In honor of Martin Luther King, Jr., I wanted to take time to share my personal experience visiting the King National Historic Site. The following is a letter I sent to Superintendent Judy Forte, in appreciation and gratitude for my experience.
I wish to express my appreciation for the solemn experience I had visiting the Martin Luther King, Jr. National Historic Site. My wife and I had the opportunity to visit the site in April of this year, and we felt the presentation of King’s history and legacy was outstanding.
The experience of sitting in a pew in The Heritage Sanctuary of Ebenezer Baptist Church, with King’s voice filling the hall as selections of his recorded sermons were played, was extremely powerful. For a moment, I imagined what it might have felt like to be present when King spoke those words. Instead of thinking of King solely as an historic figure, I felt I could feel the heart of the man, calling out and summoning the hearts of all of us. I was profoundly moved.
On a personal note, we also had the great fortune to interact with a friendly, helpful, and knowledgeable young man employed at the site. When we arrived, my wife and I went to the Visitor Center’s front desk, and this gentleman was kind enough to answer our questions and give us some recommendations for lunch, even labeling a map for us. After lunch, we visited King’s Birth Home, the book store, and The King Center.
We then stepped into Ebenezer Baptist Church, where we met the same young man.
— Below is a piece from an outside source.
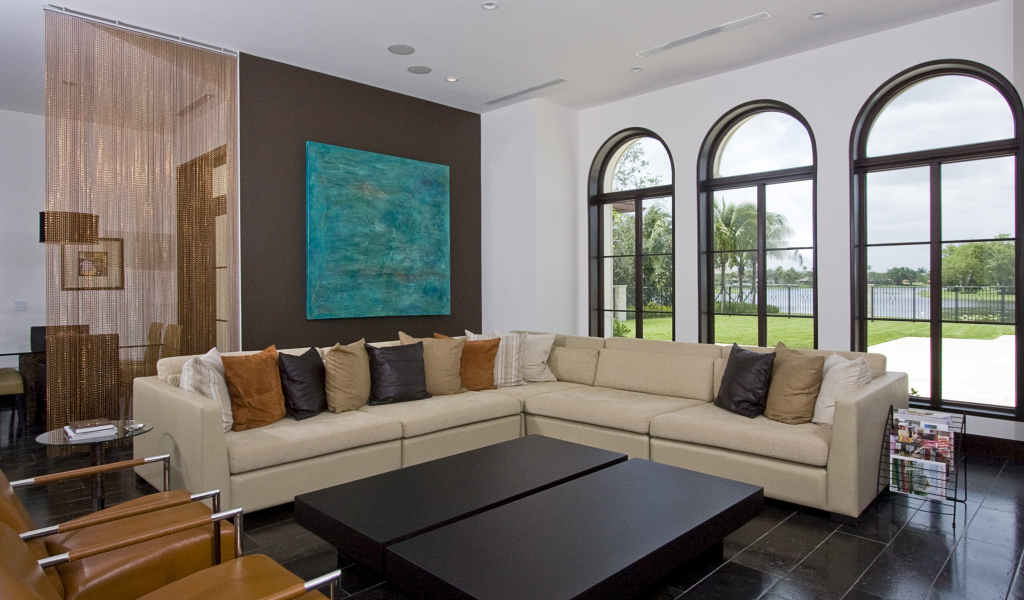 Гостиная в загородном доме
We thanked him for his lunch recommendation, and he described the layout of the church and offered to answer any questions we had. We visited the Fellowship Hall, then ascended the stairs and entered The Heritage Sanctuary.
When we returned to the entryway, my wife asked the young man if there was significance to the hymn numbers displayed in the Sanctuary. He explained that those were the hymns for King’s funeral service. He also shared, poignantly, that one of the recordings played in the Sanctuary was a sermon King had delivered just months before his death; a recording that, because it was a most fitting and appropriate eulogy for his life, was played at the funeral. Those were the words that had just filled my ears, mind, and heart in the Sanctuary.
The young man further went on to describe how prophetic King’s last days seemed, and recommended the short film about King’s Last Days that is shown at the Visitor’s Center. Another worker there pointed out that there would only be one more showing for the day, so our friend suggested we hurry over and ask them if they could show “King’s Last Days.”
When we arrived, a film had just begun, and we were the only ones in the room. The film shown was indeed “King’s Last Days.” We may have just been fortunate; but I suspect that, perhaps, this young man had a hand in our luck.
At any rate, I was deeply affected by my entire experience at the King National Historic Site. And, this young man, whose name I sadly do not know, will forever be inexorably woven into that experience.